Monday, September 26, 2016

The Next Ruby

Ruby turned out to be the most influential language of the last few decades. In a way that's somewhat surprising, as it didn't come up with that many original ideas - it mostly extracted the best parts of Perl, Lisp, Smalltalk, and a few other languages, polished them, and assembled them into a coherent language.

The Great Ruby Convergence

Nowadays, every language is trying to be more and more like Ruby. What I find most remarkable is that features of Perl/Lisp/Smalltalk which Ruby accepted are now spreading like wildfire, and features of Perl/Lisp/Smalltalk which Ruby rejected got nowhere.

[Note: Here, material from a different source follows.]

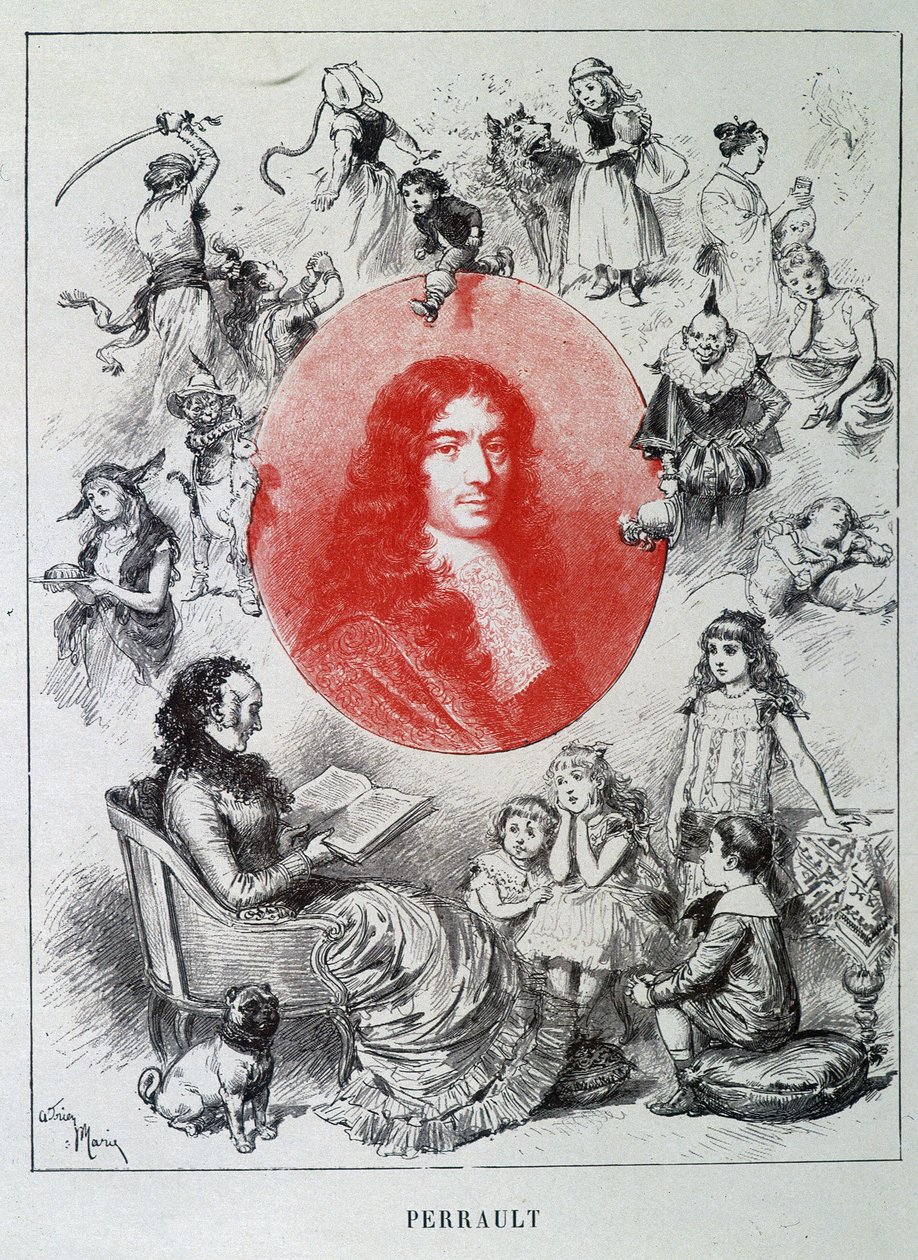Charles Perraultin muotokuva - Charles Perraultin elokuvassa "Les contes de fees", kuvitus Adrien Marie tekijältä Adrien Emmanuel Marie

Here's some examples of features which were rare back when Ruby got created:

Lisp - higher order functions - Ruby accepted, everyone does them now
Lisp - everything is a value - Ruby accepted, everyone is moving in this direction
Lisp - macros - Ruby rejected, nobody uses them
Lisp - linked lists - Ruby rejected, nobody uses them
Lisp - s-expression syntax - Ruby rejected, nobody uses them
Perl - string interpolation - Ruby accepted, everyone does them now
Perl - regexp literals - Ruby accepted, they're very popular now
Perl - CPAN - Ruby accepted as gems, every language has it now
Perl - list/scalar contexts - Ruby rejected, nobody uses
Perl - string/number unification - Ruby rejected, nobody uses them except PHP
Perl - variable sigils - Ruby tweaked them, they see modest use in Ruby-style (scope indicator), zero in Perl-style (type indicator)
Smalltalk - message passing OO system - Ruby accepted, everyone is converging towards it
Smalltalk - message passing syntax - Ruby rejected, completely forgotten
Smalltalk - image based development - Ruby rejected, completely forgotten

You could make a far longer list like that, and correlation is very strong.
By using Ruby you're essentially using future technology.

That was 20 years ago!

A downside of having a popular language like Ruby is that you can't really introduce major backwards-incompatible changes. Python 3 release was very unsuccessful (released December 2008, today it's about even split between Python 2 and Python 3), and Perl 6 was Duke Nukem Forever level fail.
Even if we knew for certain that something would be an improvement, and usually there's a good deal of uncertainty before we try. But let's speculate on some improvements we could do if we weren't constrained by backwards compatibility.

Use indentation not `end`

Here's some Ruby code:

class Vector2D
  attr_accessor :x, :y
  def initialize(x, y)
    @x = x
    @y = y
  end
  def length
    Math.sqrt(@x**2 + @y**2)
  end
end

All the ends are nonsense. Why can't it look like this?

class Vector2D
  attr_accessor :x, :y
  def initialize(x, y)
    @x = x
    @y = y
  def length
    Math.sqrt(@x**2 + @y**2)

It's much cleaner. Every lexical token slows down code comprehension. Not character - it really makes no difference between end vs }, but all the extra tokens need to be processed even if they're meaningless.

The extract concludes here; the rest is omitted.